(INPUT DATA)

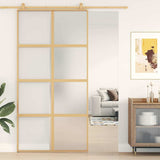 Sliding Door Gold 102.5x205 cm Frosted ESG Glass and Aluminium 155189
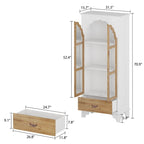 Oak Finish Wooden Curio Cabinet Display Storage Case Bathroom Cabinet - 70.9Hx31.5W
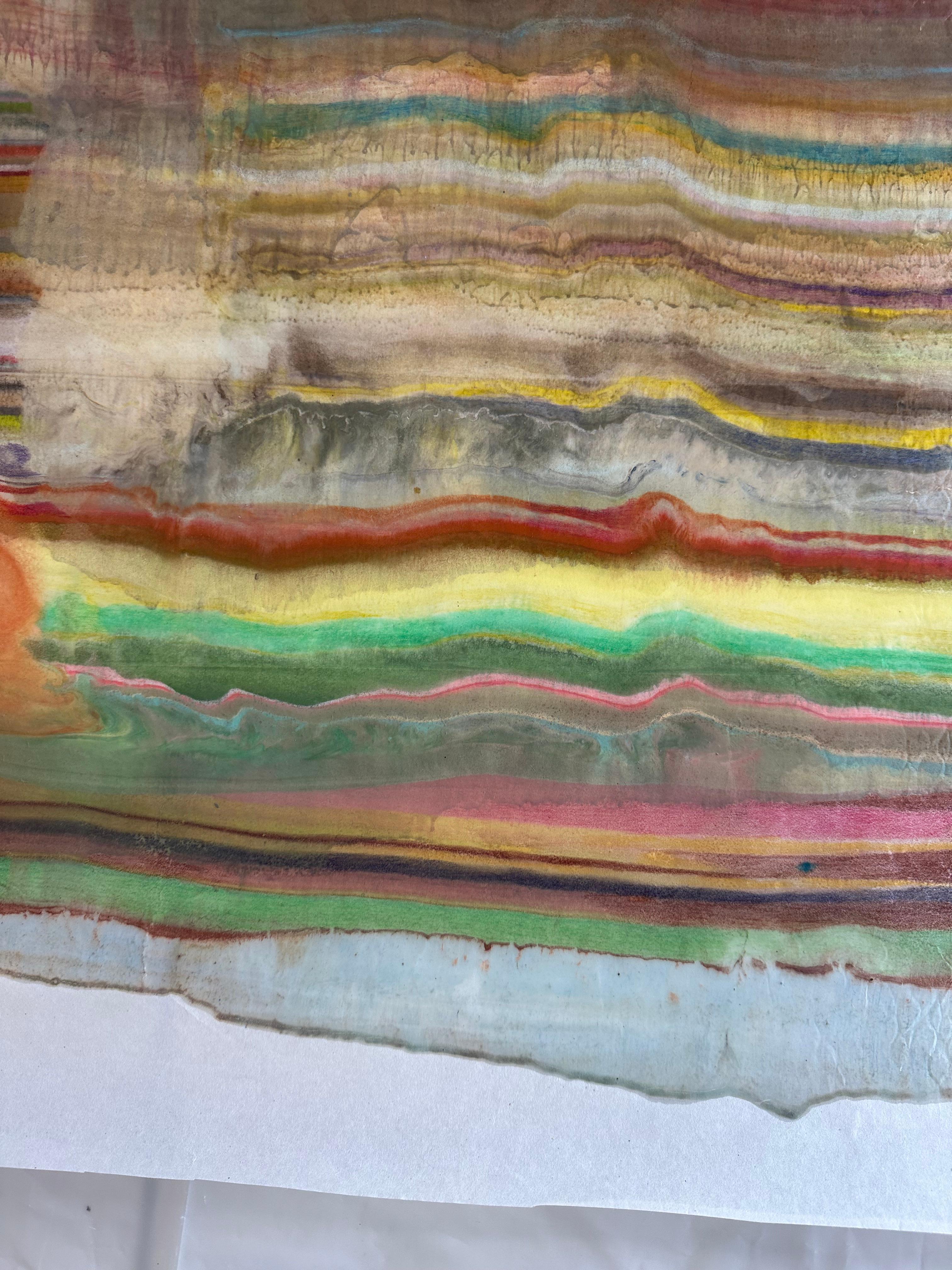 Deep Listening - Encaustic Monotype Colorful Geological Layers Beeswax, 2022 3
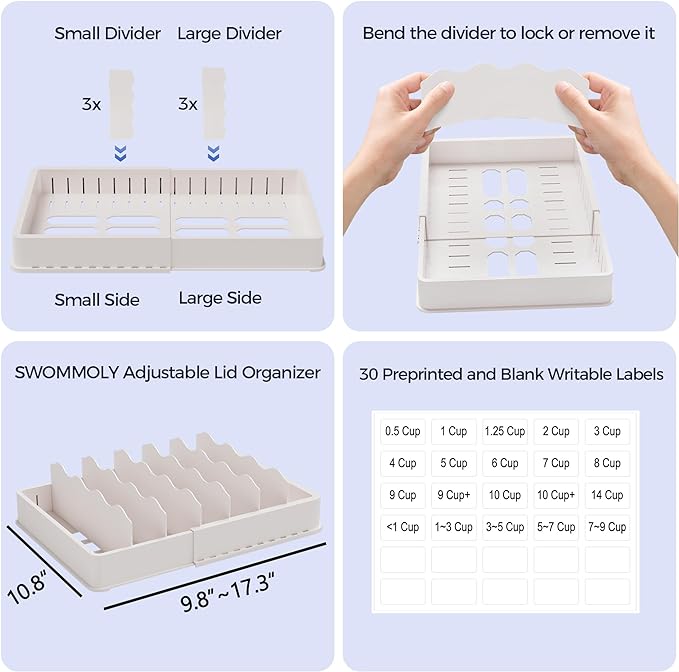 SWOMMOLY Expandable Food Storage Container Lid Organizer, Includes 6 Adjustable - Image 6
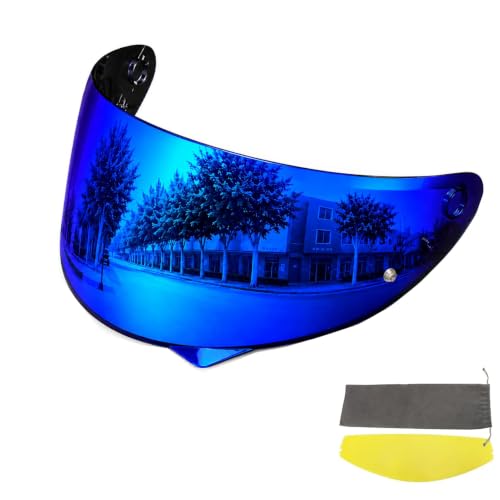 Image of PSLER Shatterproof Motorcycle Helmet Visor for HJ-34P C10,(Film&Deep Blue)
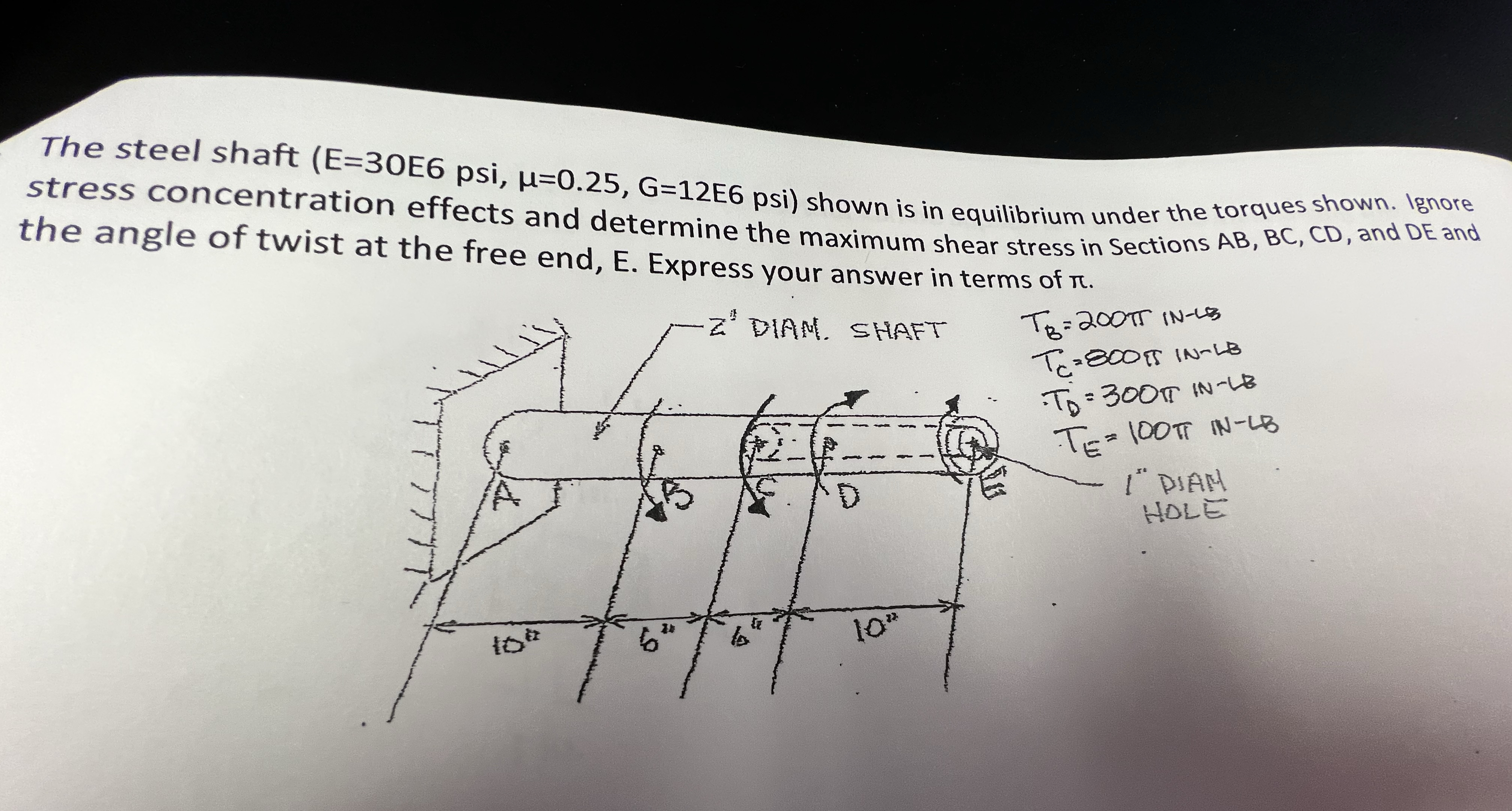 The steel shaft ( E = 3 0 E 6 , = 0 . 2 5 , G = 1
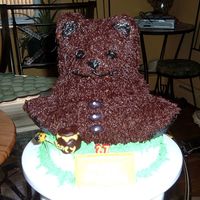 My Fiance's Bear Cake The icing started to melt.. It was a really hot day.. I made this cake for my fiance's bday.. cuz he is my bear.. the bear is vanilla...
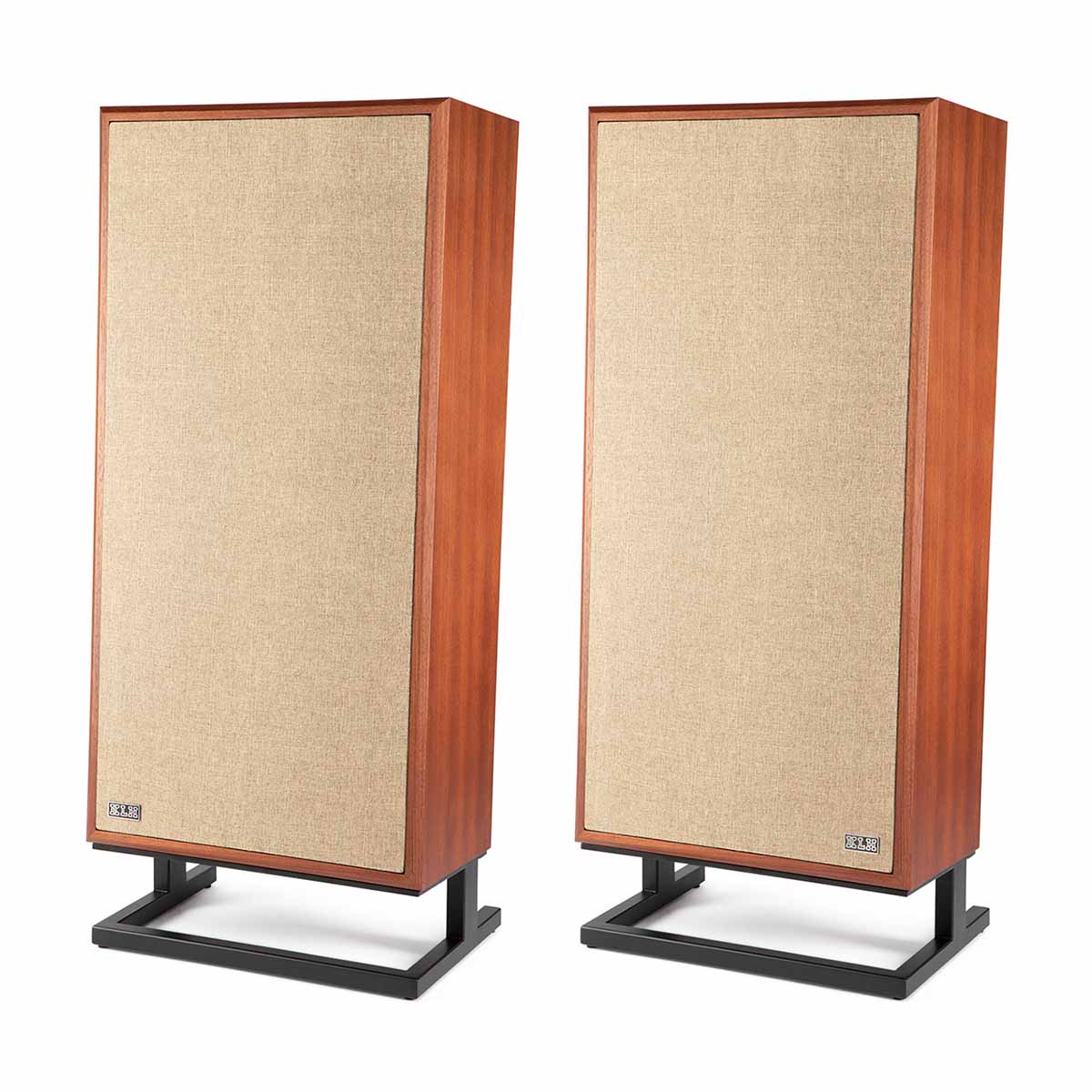 KLH Model Seven Loudspeakers - mahogany PAIR - angled front view with grilles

(End INPUT DATA)

(THE TASK) After removing the pictures, repeat the remaining records exactly.

(RESULT)
 Sliding Door Gold 102.5x205 cm Frosted ESG Glass and Aluminium 155189
 Oak Finish Wooden Curio Cabinet Display Storage Case Bathroom Cabinet - 70.9Hx31.5W
 Deep Listening - Encaustic Monotype Colorful Geological Layers Beeswax, 2022 3
 SWOMMOLY Expandable Food Storage Container Lid Organizer, Includes 6 Adjustable - Image 6
 Image of PSLER Shatterproof Motorcycle Helmet Visor for HJ-34P C10,(Film&Deep Blue)
 The steel shaft ( E = 3 0 E 6 , = 0 . 2 5 , G = 1
 My Fiance's Bear Cake The icing started to melt.. It was a really hot day.. I made this cake for my fiance's bday.. cuz he is my bear.. the bear is vanilla...
 KLH Model Seven Loudspeakers - mahogany PAIR - angled front view with grilles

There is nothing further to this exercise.